You can create forecasts in Quiver using the Time series forecast transform. A forecast is a projection forward in time of an existing time series plot in your analysis. Forecasts in Quiver are built visually and interactively. The result of a forecast is a time series plot representing the forecasted data; this time series plot can be further transformed using Quiver’s time series transforms.

Forecasts overview

Input type

Time series

Output type

Time series

Usage information

Functionality Availability
Standard Quiver card Supported
Transform table transform Unsupported

Create a forecast

To illustrate this section, we use the linear forecast as an example. Sections below give more details about each type of forecast.

  1. Add the time series you would like to forecast to your Quiver analysis by clicking Time Series from the analysis top bar to open the search bar. In our example, we want to forecast the sales of a product.

Input plot

  1. Select Time Series Forecast from the Time Series menu.

Time series forecast menu

  1. In the forecast editor, select the linear forecast type and then select the plot you added at step 1 as the input plot.

Time series linear forecast selection

This will produce a time series plot (in this case, a line), that is by default fitted to the entire range of the input plot. Note that the time axis will remain the same as it was for the input time series plot. To see the forecast further into the future, you can zoom out on the x-axis.

Linear forecast plot

You can find the values of the coefficients under the Forecast Details section of the forecast editor.

Linear forecast coefficients

In the linear forecast example, the coefficients are m (the slope) and c (the offset).

Optional steps

  1. To restrict the fitting to a particular time range, turn on the Use Training Time Range toggle and select a time range parameter.

Training time range

Here we have set the training time range to be 2015-2020 instead of the entire history. As a result, the parameters (slope and offset) of the forecast have changed to make the forecast more accurate for the training time range. This can be useful if you believe certain times will be more indicative of future behavior.

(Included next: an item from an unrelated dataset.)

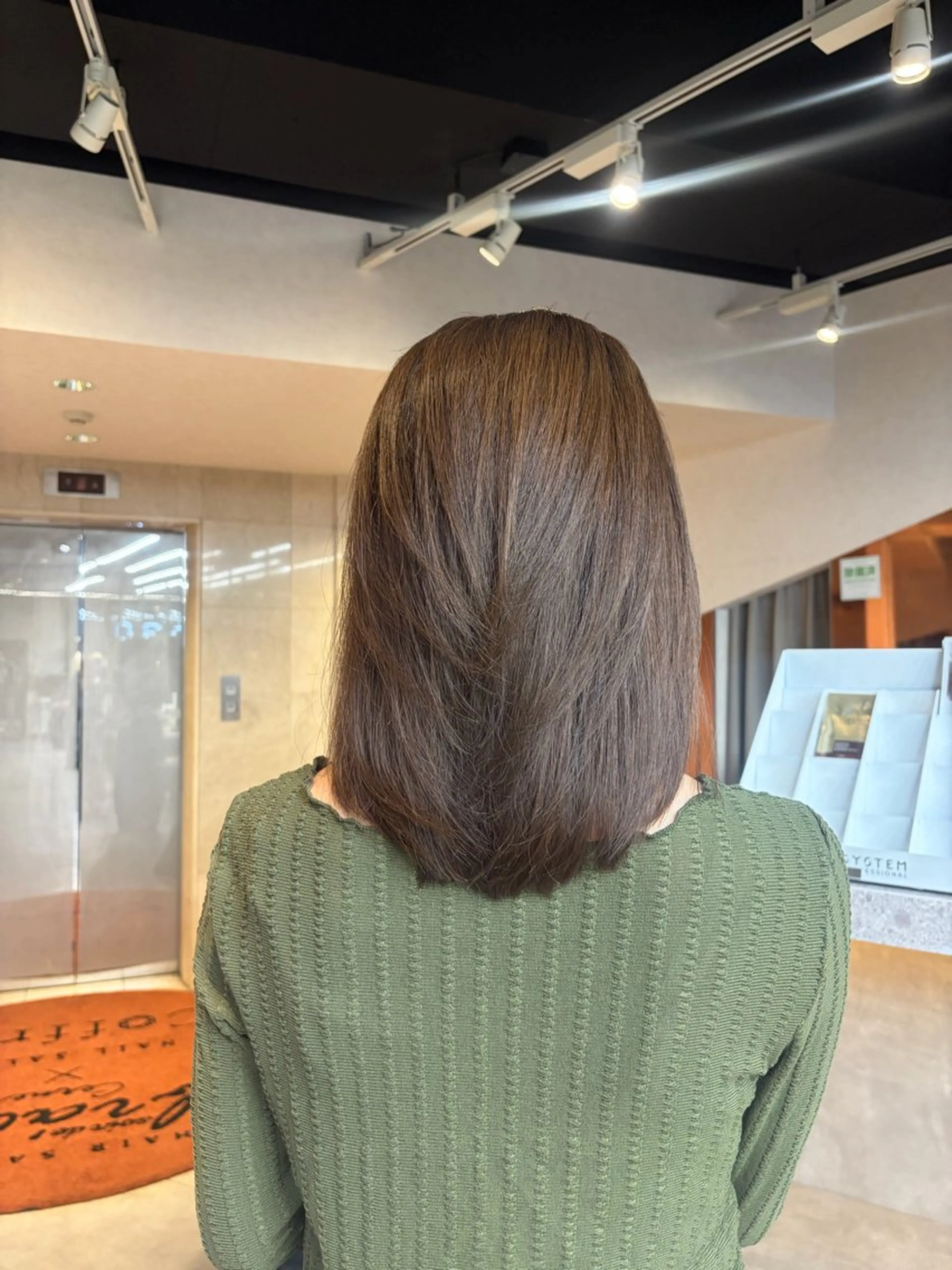 ミディアム み ゆのヘアスタイル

  1. Set coefficients boundaries. In the Coefficients section of the editor, switch on the toggles for the coefficients you want to set boundaries on. In this example, setting a boundary on the slope coefficient of this forecast changes both coefficients.

Linear forecast coefficients bounds

  1. Choose a loss definition. The default loss is the sum of squared differences, and the other options are the maximum absolute difference and the sum of absolute differences. When fitting the forecast to the training data, parameters will be selected to minimize the loss. Different types of loss will result in different forecasts. For more details refer to the losses section.

Linear forecast loss

In our example, changing the loss definition results in different forecast coefficients.

The different types of forecasts

In this section, we detail the different types of forecast and their configuration options. For the remainder of the documentation, we refer to the quantity to be forecasted as y or y(t) to denote y at time t.

Constant

The constant forecast assumes the quantity y will remain constant.

Mathematical form: y = a

Constant forecast

In our example, we can see that the constant forecast does not capture the slope or periodicity in the data.

Linear

The linear forecast assumes the quantity y will follow a linear trend.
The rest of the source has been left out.